Indian corporate earnings growth is projected to experience a slowdown, hitting its lowest level in three years, primarily due to weak top-line performance, according to estimates from Morgan Stanley analysts.

Despite a consistent earnings upcycle that has delivered double-digit growth for 16 consecutive quarters, the upcoming September quarter is anticipated to show a significant deceleration in growth. This is attributed to muted revenue expansion and sluggish improvement in profit margins.

Morgan Stanley’s estimates indicate that revenue, EBITDA, profit before tax, and net profit for their coverage universe (excluding state-owned oil companies) will exhibit year-on-year growth rates of just 4%, 6%, 5%, and 5%, respectively.

The Sensex index is expected to see only 1% revenue growth and 3% net profit growth, while the Nifty index is forecasted to achieve 2% revenue growth and a mere 1% increase in net profit during the same period. This modest performance contrasts sharply with the double-digit growth trends experienced over the prior three years.

Although earnings growth remains positive, the expansion of profit margins is anticipated to occur at a slower pace, adding to the challenges faced by Indian businesses. Analysts project that margins will grow by 50 basis points year-on-year, continuing a trend of margin expansion for the seventh consecutive quarter. However, this growth rate is expected to be slower compared to earlier quarters.

In terms of sector performance, defensive stocks are likely to outperform, with Communication Services and Industrials predicted to lead in revenue growth. The Materials sector, on the other hand, is expected to lag, mainly due to declining earnings.
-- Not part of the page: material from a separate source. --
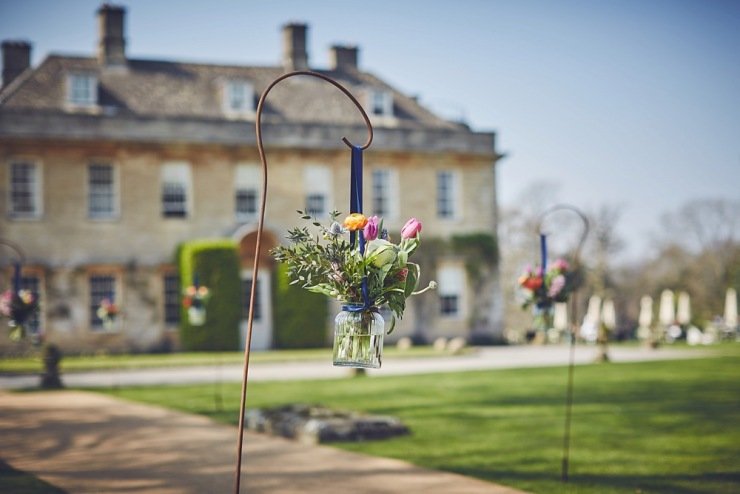 floral arrangement in pewter wedding photography Babington House Somerset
In regard to earnings growth specifically, Communication Services, Health Care, and Utilities are forecasted to excel, while the Materials and Energy sectors are projected to face declines.

At the stock level, Bharti Airtel, Tata Consultancy Services, and NTPC are expected to significantly contribute to the overall earnings of the Sensex. Conversely, JSW Steel is predicted to be one of the weakest performers for the quarter.

Additionally, analysts expect that half of the coverage universe will report margin expansion, with Utilities and Financials likely to see the most substantial improvements. However, sectors such as government-owned oil companies and construction materials are expected to encounter declining margins, compounding their difficulties.

Looking ahead, analysts forecast three-year compound annual growth rates (CAGRs) for Sensex and Nifty revenues at 11% and 12%, respectively, with net profit CAGRs of 15% and 10%. Nonetheless, the consensus earnings growth estimate for the Sensex for fiscal year 2025 has been reduced by 3% over the past three months, now at 13.4%, indicating increasing caution among market participants.

In this context, Health Care and Utilities have seen the most favorable earnings revisions recently, indicating potential growth in these sectors. Analysts recommend investing in large private banks, select consumer and industrial stocks, and shares of IT service companies as the earnings season approaches.

Certain companies, such as Bharti Airtel, have a promising outlook due to anticipated future tariff hikes, while NTPC’s growth relies on capacity additions. However, risks remain, including higher capital expenditures, delays in tariff increases, and weaker-than-expected market conditions.

Tata Consultancy Services presents a mixed outlook, showing strong growth potential linked to its execution capabilities and favorable currency movements, while facing macroeconomic headwinds, rising attrition rates, and geopolitical risks.

JSW Steel, predicted to have one of the weakest earnings performances, faces significant risks from declining steel prices and possible delays in expansion projects. Nevertheless, strong domestic demand could mitigate some of these challenges.

In conclusion, while Indian corporations have shown resilience, the outlook for the September quarter suggests increasing uncertainty and the likelihood of a slowdown, highlighted by soft revenue growth and limited margin expansion. Analysts at Morgan Stanley remain cautious, advising selective exposure in key sectors as companies navigate this challenging landscape.